> _Provided material_:
________________
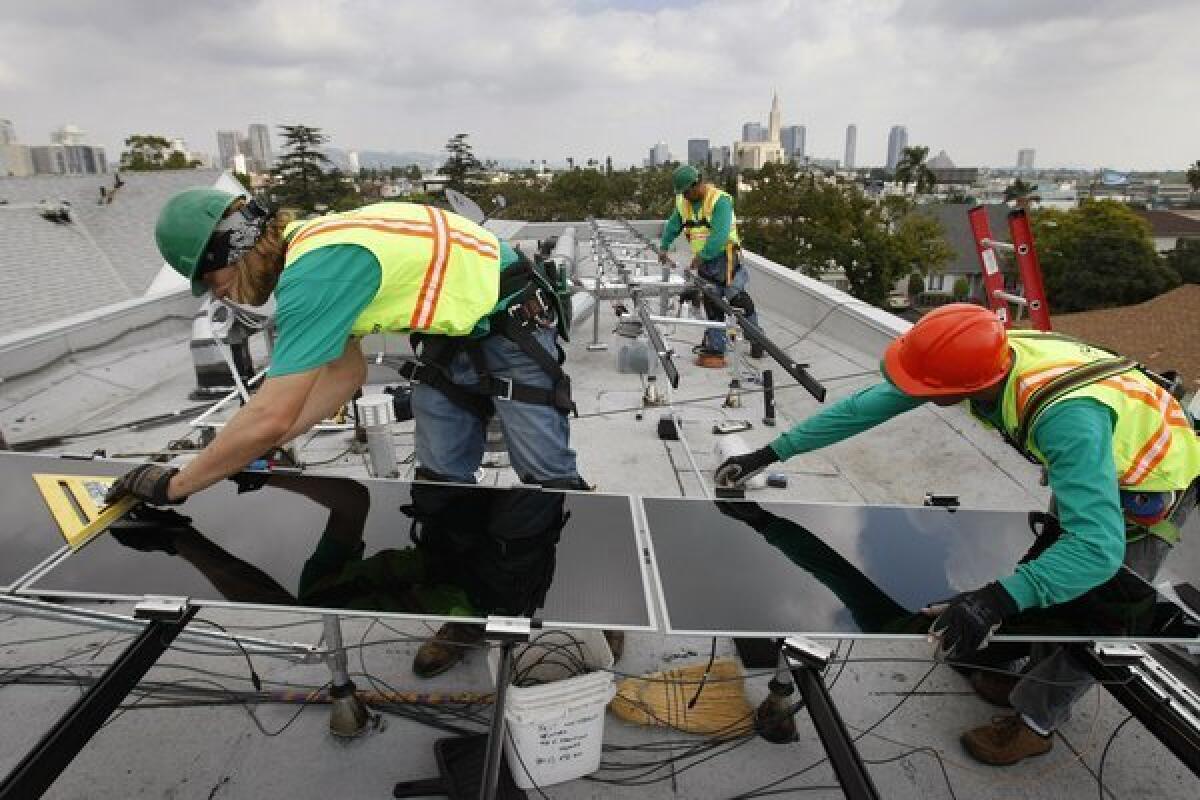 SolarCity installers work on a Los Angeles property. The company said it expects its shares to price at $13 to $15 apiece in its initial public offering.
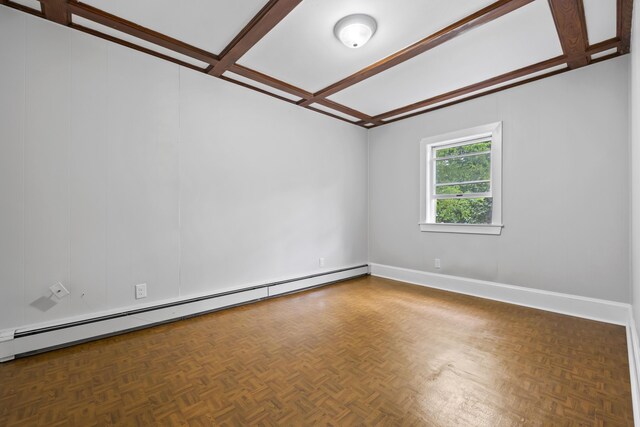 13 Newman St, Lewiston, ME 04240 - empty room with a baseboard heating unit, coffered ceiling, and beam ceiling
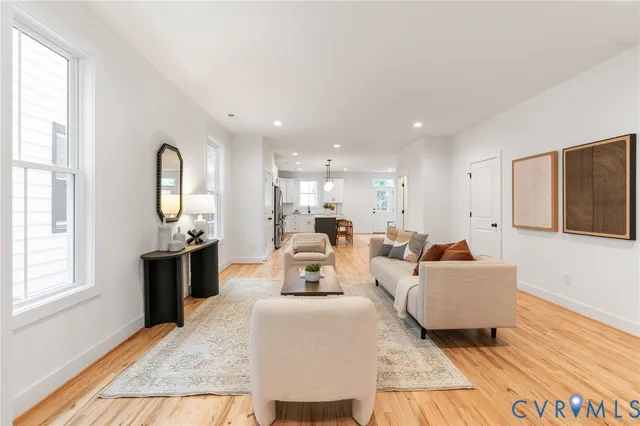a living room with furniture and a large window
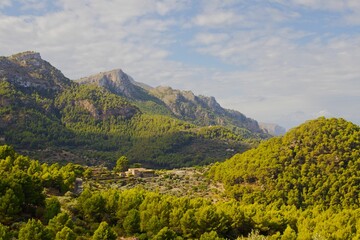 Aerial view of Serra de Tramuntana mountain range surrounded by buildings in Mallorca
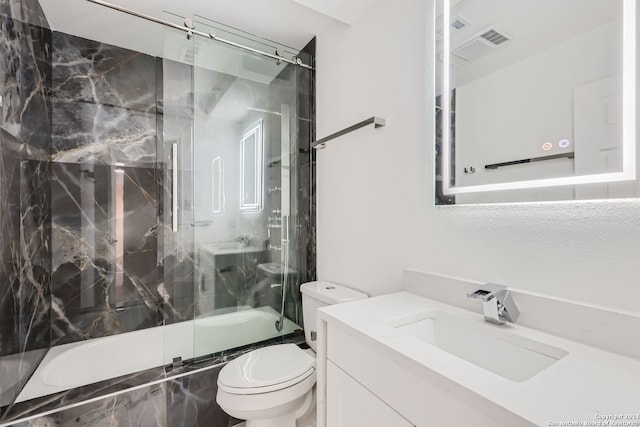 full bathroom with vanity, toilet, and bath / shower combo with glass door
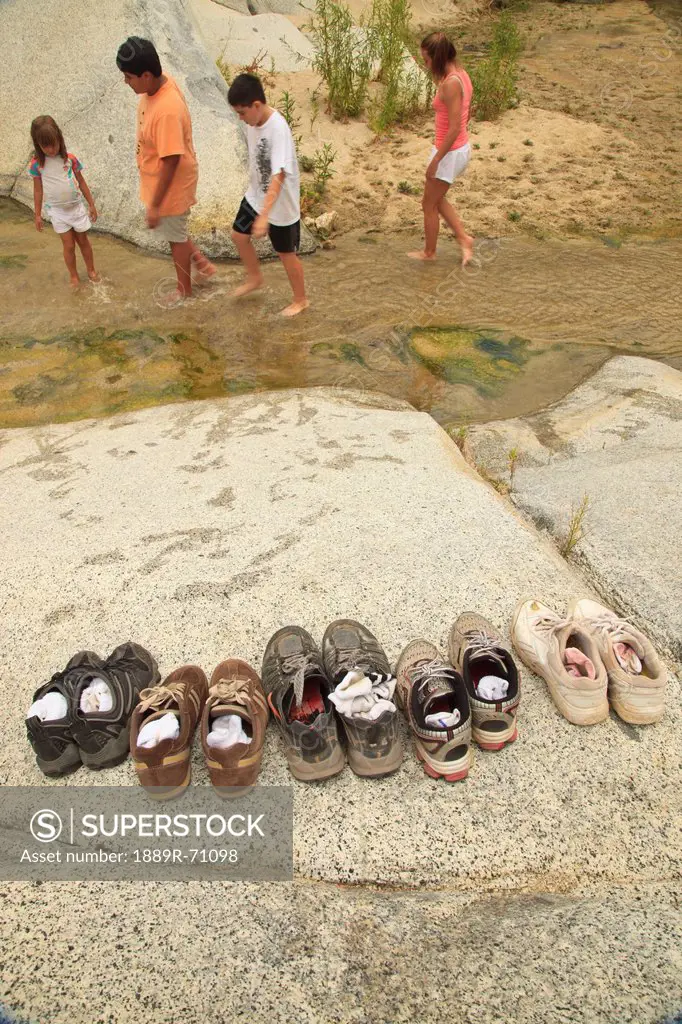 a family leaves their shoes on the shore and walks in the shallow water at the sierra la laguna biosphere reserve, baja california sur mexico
________________
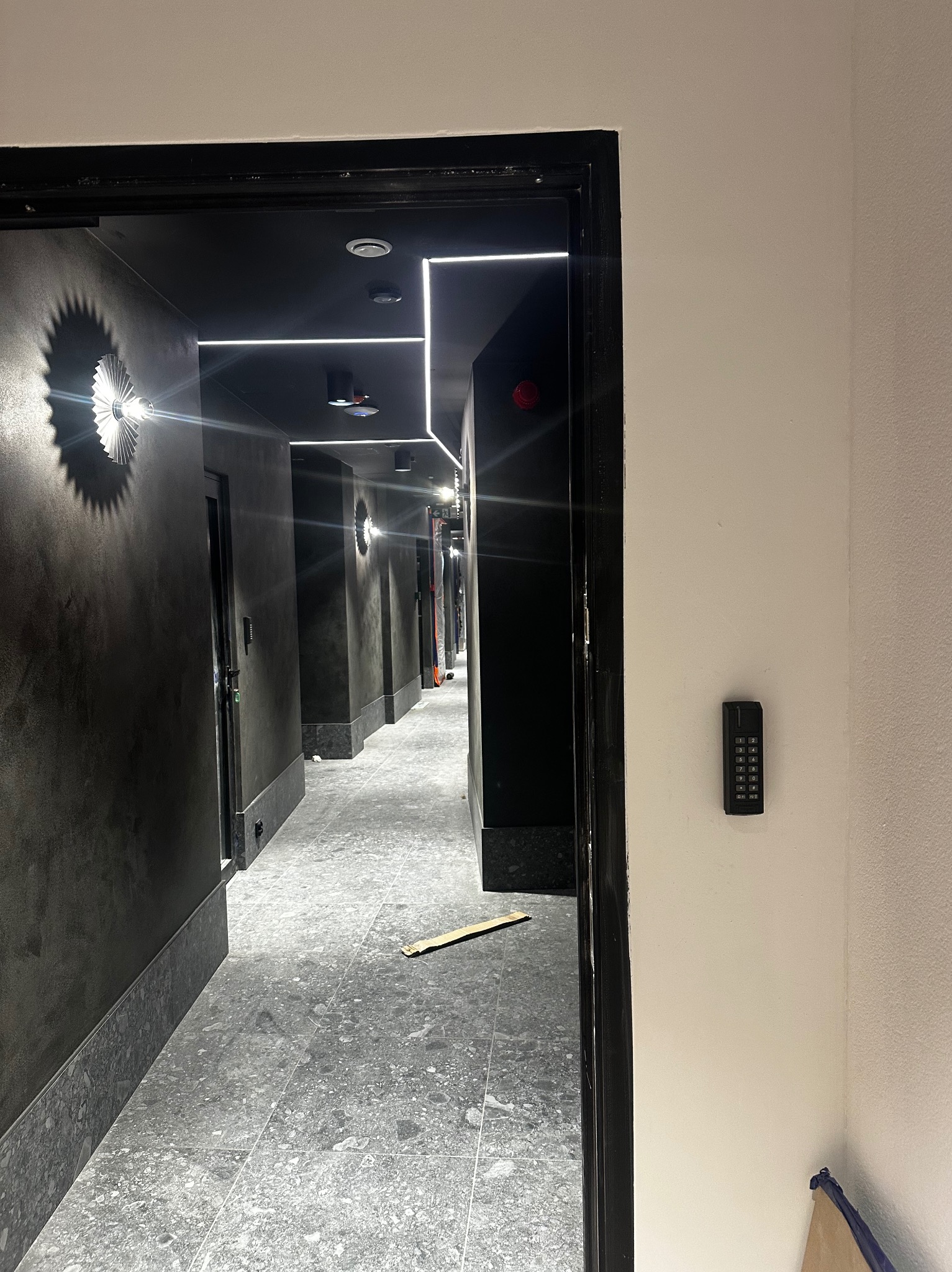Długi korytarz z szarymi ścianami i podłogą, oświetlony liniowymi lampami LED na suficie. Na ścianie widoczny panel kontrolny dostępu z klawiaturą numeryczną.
________________
From the records above, output only the lines starting at the one containing "13 Newman St, Lewiston, ME" and ending at the one containing "Aerial view of", word for word. Pictures stay out.

 13 Newman St, Lewiston, ME 04240 - empty room with a baseboard heating unit, coffered ceiling, and beam ceiling
a living room with furniture and a large window
 Aerial view of Serra de Tramuntana mountain range surrounded by buildings in Mallorca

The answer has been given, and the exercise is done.